Mr Brown has hit out at the Government for failing to take strong action against energy companies.
He says the companies are reluctant to pass on savings to customers - despite a significant reduction in the price of energy.
Mr Brown has also called for more to be done to help carers and equal pay.
On energy, Mr Brown said: “Thousands of people in Louth and Horncastle have been ripped off by the big energy firms who never seem to pass on savings to customers.
“In the last year, wholesale energy costs have fallen by between 9 per cent and 20 per cent.”
Mr Brown believes new powers should be brought in for the regulator to cut bills and force energy companies to pass on savings to customers.

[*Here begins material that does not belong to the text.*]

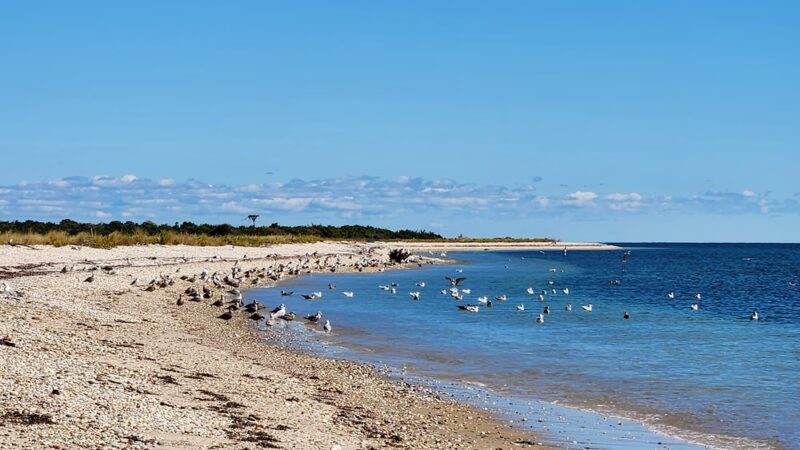 Orient Beach State Park - Orient, NY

He said that if Labour wins the election, the party would be committed to making “big changes” to the energy market.
Mr Brown went on to demand action from on equal pay
He said he had written to Business Secretary Vince Cable demanding to know why the Government continue to block action on equal pay.
He said MPs voted overwhelmingly in favour of measures for pay transparency that would see big companies (with over 250 staff) publish their gender pay gap.
However, he said the Government has so-far refused to implement it.
He added: “Up and down Louth and Horncastle, women and their families will be wondering why this Government won’t take action on equal pay.
“I’ve written to the Business Secretary calling on him to support equal pay and get on with implementing pay transparency.
“Women across Britain are still earning on average 81p for every pound a man earns, leaving themselves and their families poorer.
“Pay transparency will encourage action on the pay gap. If this Government refuses to implement it a Labour Government will.”
Mr Brown also went on to call for more support for unpaid carers.
He said the latest statistics showed there were 12,637 people in Louth and Horncastle caring for elderly or disabled relatives.
He pointed out unpaid carers make a huge contribution to their families and society yet many of them feel pushed to breaking point, seeing their own health and income suffer.
Mr Brown said Labour would be placing a new duty on the NHS to identify family carers, so they can get the right help and support.
They would also give carers a new right to ask for an annual health check – allowing problems to be identified earlier and prevent costs escalating.
He said: “Families in Louth and Horncastle do an incredible job looking after their loved ones, but from the conversations I’m having it’s clear many family carers are struggling.
“Labour’s pledge to family carers here will make a huge difference. Caring for a loved one is physically and emotionally demanding, and families need a government that’s on their side.”